L’émission présente une série de séquences intéressantes, surtout sur des personnes d’origine marocaine. Elle montre divers aspects du choc de deux cultures dont le public n’a souvent pas une idée claire. L’émission veut présenter, non pas l’islam, mais l’islamisme, appelé parfois « islam radical » ou « islam politique ». A mon avis, la présentatrice part tout de même d’un a priori négatif sur l’islam, et la signification profonde de la dimension religieuse semble lui échapper.
- A Molenbeek l’échevin Mohamed Daif a tenté d’introduire la viande « hallal » dans les cantines des écoles. Le bourgmestre Philippe Moureau n’a pas été contre : « Tout ce qui ne gêne pas les autres et n’est pas contraire aux principes démocratiques, je n’ai pas de raison de l’empêcher ». L’expérience n’a cependant pas duré « parce que cela a créé des frottements ». On aimerait en savoir plus sur cette expérience et ces frottements.
- Dans une école de Bruxelles un enseignant explique que certains élèves musulmans refusent les théories darwiniennes de l’évolution, au nom du Coran. M. Chemsi Cheref Khan, membre du groupe « Pour un islam d’ouverture », s’en inquiète beaucoup : « la propagande religieuse est entrée dans les écoles ». Je ne vois pas d’autre solution à ce type de problèmes que dans un dialogue approfondi avec tous ceux qui enseignent l’islam, dans les mosquées ou les écoles.
- On entre ensuite dans la boutique islamique « Salam ». On voit le vendeur faire sa prière sur son tapis à l’heure prescrite. La journaliste ne comprend pas : Vous auriez pu devenir un Belge complètement assimilé (sic !), alors pourquoi avoir choisi ce retour aux sources ? ». « L’islam c’est le respect d’autrui, Madame, c’est un mode d’emploi de la vie » lui est-il répondu, mais elle lui fait avouer que l’islam lui interdit de toucher aucune femme autre que celles de sa famille… « Ils refusent décidément de s’assimiler, contrairement à l’islam modéré de leurs parents », conclut-elle. C’est un autre exemple du choc des cultures, Je me dis souvent qu’en regardant la TV, les musulmans croyants doivent éprouver un malaise, se sentir entre deux chaises, entre deux mondes. Entre l’excès de rigorisme et l’excès de laxisme, n’y a-t-il pas une voie à tracer ensemble, en particulier pour et avec les jeunes, musulmans et non musulmans ? Certains professeurs le font très bien avec leurs classes ([1])

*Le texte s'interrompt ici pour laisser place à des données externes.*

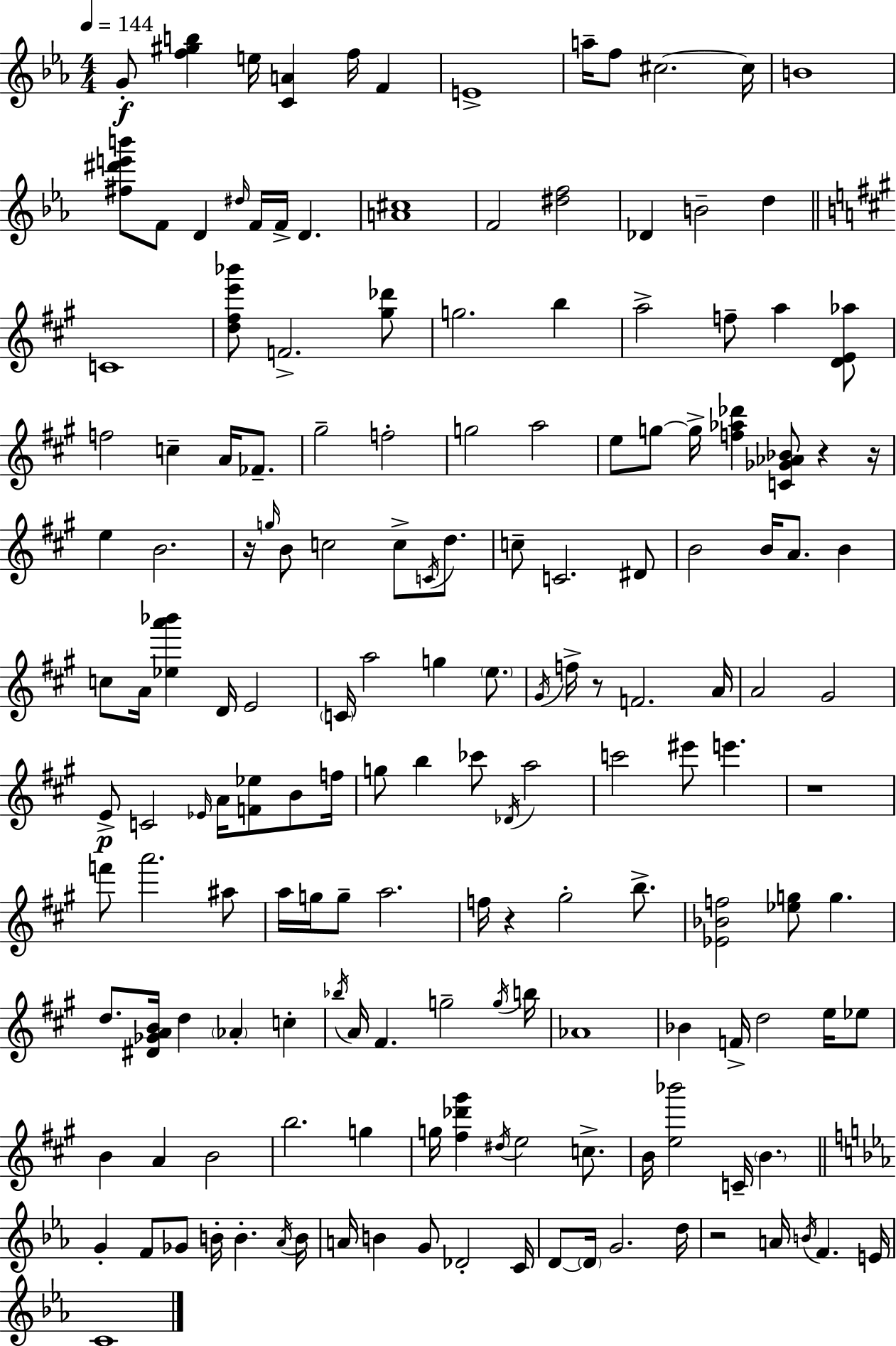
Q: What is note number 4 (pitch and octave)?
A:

- Elle interviewe ensuite une femme qui a revêtu, par peur des représailles, la « bourka » que lui a fait mettre un mouvement salafiste dans laquelle elle s’était laissé embobiner. Mais quand le mari qu’on lui a fait épouser l’a enfermée tous les jours dans sa chambre à coucher (sic !), elle a compris et est revenue vers ses parents complètement choqués par ce retour en arrière de la religion et cet esclavage de la femme. Ce n’est pas du tout ce qu’ils ont connu au Maroc, où la femme avait beaucoup de responsabilités. En fait, il faut savoir que les salafistes sont un mouvement intégriste et sectaire venant d’Arabie saoudite et particulièrement rétrograde. Mais ils semblent avoir pas mal d’adeptes à Bruxelles, ce qui est certes inquiétant.
- On entre ensuite dans une mosquée réputée modérée et on assiste au prêche enflammé de l’imam Mohamed Toujgani, président de la Ligue des imams de Belgique, à propos de la Palestine. Commentaire de l’émission : « plus dangereuse que le foulard, cette récupération par les islamistes des conflits du Moyen Orient qui sont autant de motifs de révolte contre l’Occident, et les imams attisent encore le feu un peu plus ». Nous aimerions des imams bien sages qui ne parlent pas de politique (et qui surtout ne critiquent pas la politique occidentale...) Mais on ne pourra jamais les empêcher de dénoncer les injustices. Et la frontière entre religion et politique sera toujours très poreuse dans l’islam.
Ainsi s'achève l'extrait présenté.